Given data:
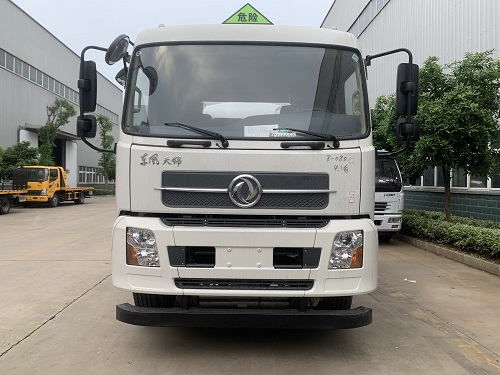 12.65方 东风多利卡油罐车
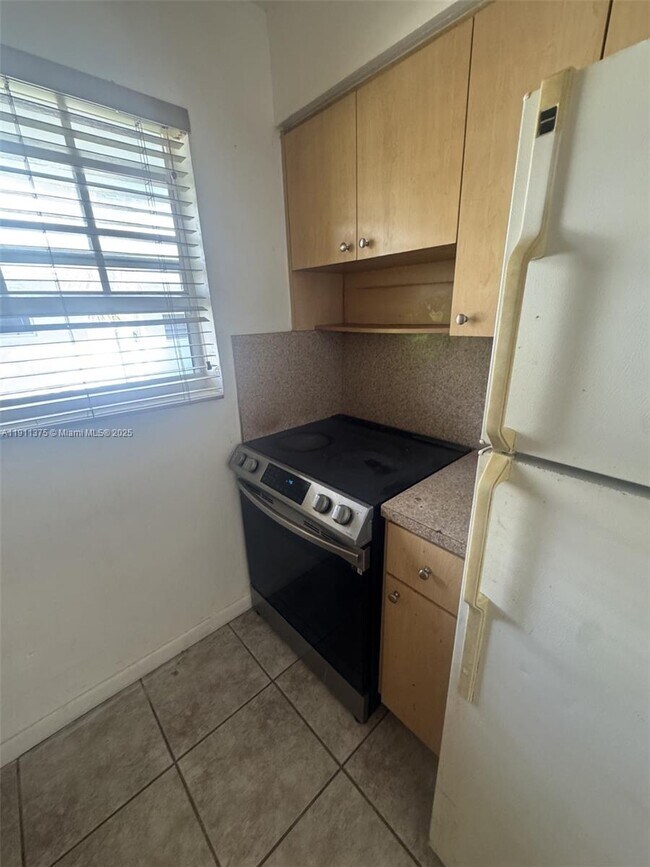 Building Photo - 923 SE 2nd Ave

...

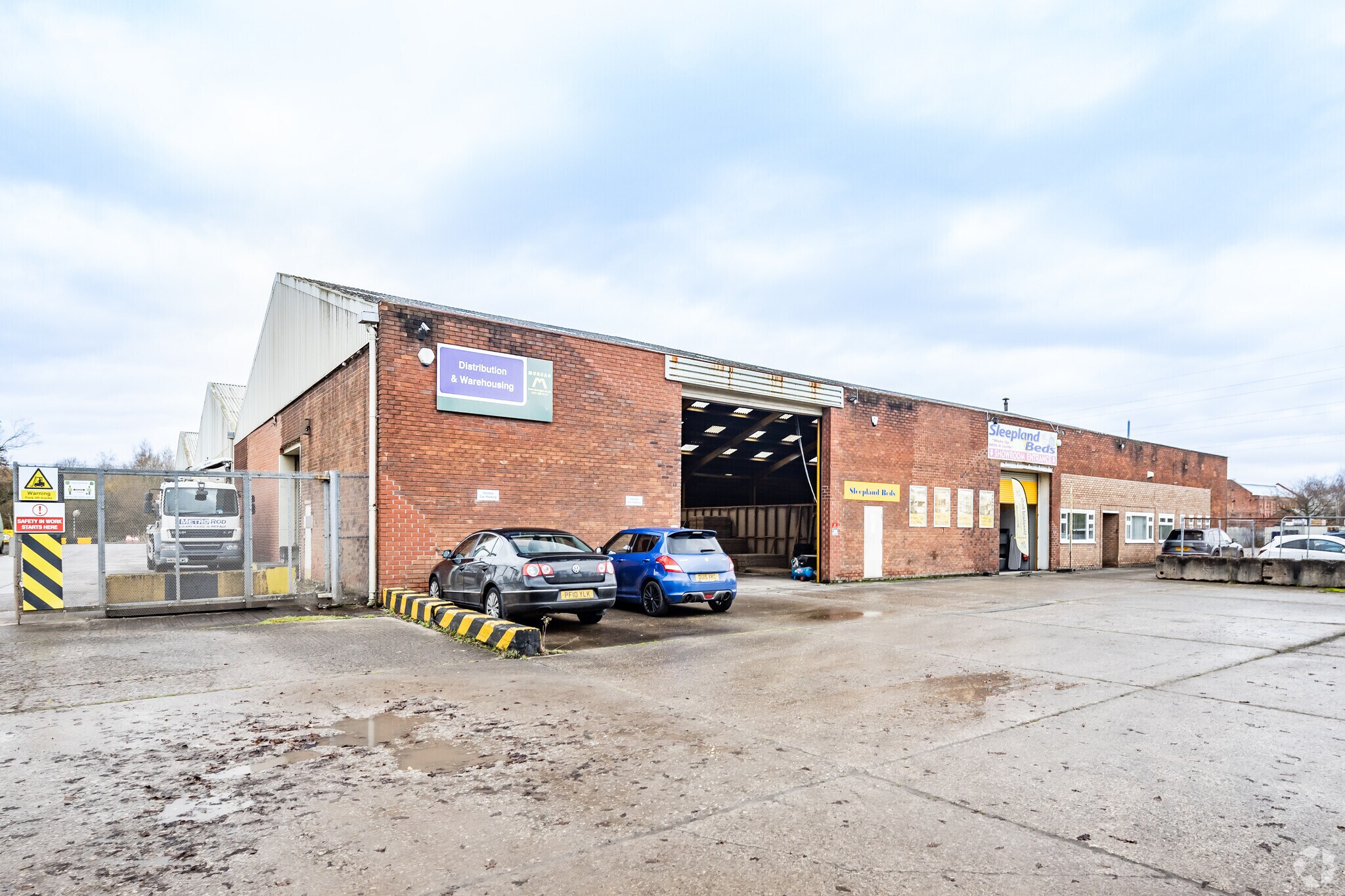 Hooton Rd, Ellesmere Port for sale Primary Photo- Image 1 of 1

==

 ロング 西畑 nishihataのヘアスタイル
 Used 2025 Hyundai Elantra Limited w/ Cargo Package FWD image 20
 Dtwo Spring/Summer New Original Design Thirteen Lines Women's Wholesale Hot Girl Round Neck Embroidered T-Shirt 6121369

Your objective: Everything above from the line containing "ロング 西畑 nishihataのヘアスタイル" down to the line containing "Dtwo Spring/Summer New" should be copied exactly, both end lines included, and nothing else.

Response area:
 ロング 西畑 nishihataのヘアスタイル
 Used 2025 Hyundai Elantra Limited w/ Cargo Package FWD image 20
 Dtwo Spring/Summer New Original Design Thirteen Lines Women's Wholesale Hot Girl Round Neck Embroidered T-Shirt 6121369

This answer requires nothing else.